Kewenangan ini berlandaskan kuat pada Pasal 18 ayat (1) UU Nomor 2 Tahun 2002 tentang Polri. Pasal tersebut memberi izin kepada pejabat Kepolisian untuk “bertindak menurut penilaiannya sendiri” demi kepentingan umum. Hal ini membuat polisi menjadi aparat yang bisa bertindak cepat dan adaptif.
Namun, diskresi bukan kebebasan mutlak. UU Kepolisian dan Perkap (Peraturan Kapolri) menetapkan batas ketat: tindakan harus didasari itikad baik, tidak boleh melanggar HAM, dan wajib dipertanggungjawabkan.
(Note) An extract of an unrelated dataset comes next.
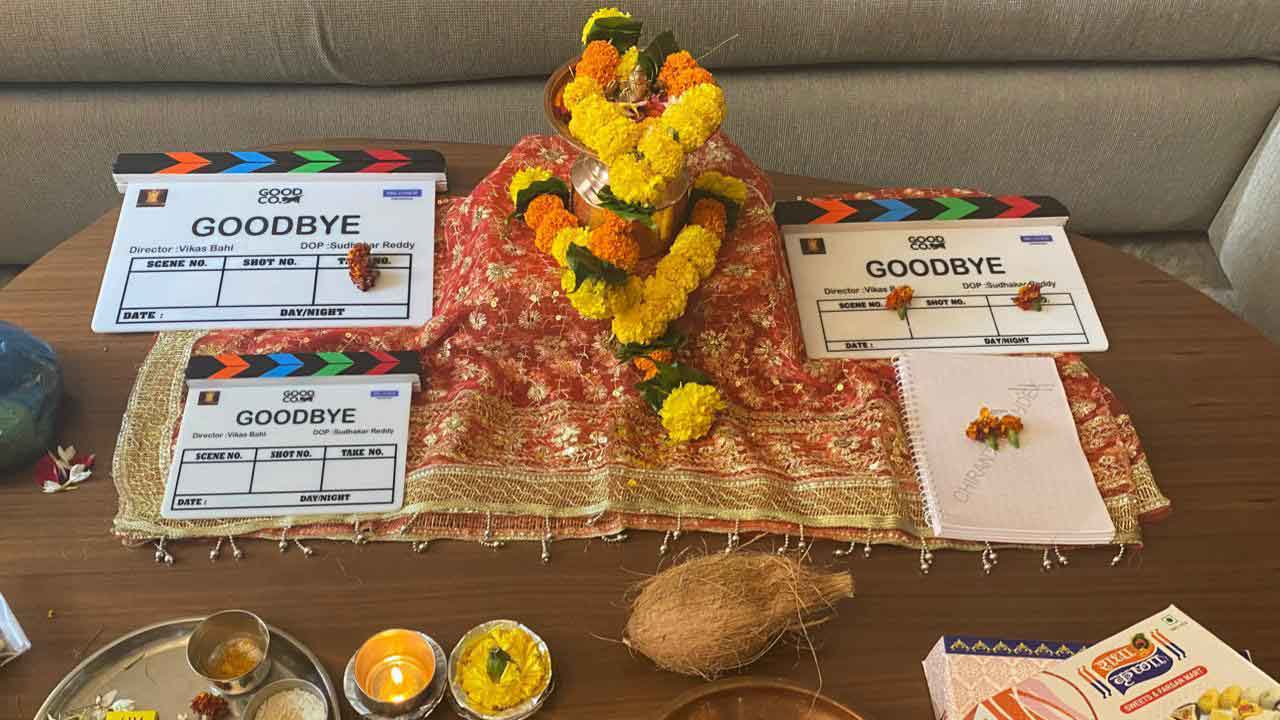 Amitabh Bachchan and Rashmika Mandanna say ‘Goodbye’!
Diskresi dilarang melampaui batas wewenang atau digunakan secara sewenang-wenang.
Contoh umum terlihat di jalan raya. Saat macet, Polisi Lalu Lintas berhak mengatur arus secara manual meski bertentangan dengan sinyal lampu, demi kelancaran umum. Contoh lain adalah mediasi penal untuk kasus ringan, seperti pencurian yang melibatkan anak, demi keadilan restoratif.
Meskipun vital, penyalahgunaan sering merentankan diskresi, dan publik sering mengkritiknya. Untuk pencegahan, Polri mendorong anggotanya memastikan setiap tindakan diskresi berpegang pada Asas-asas Umum Pemerintahan yang Baik (AUPB). Hal ini menjamin Polisi mengambil tindakan yang proporsional dan rasional.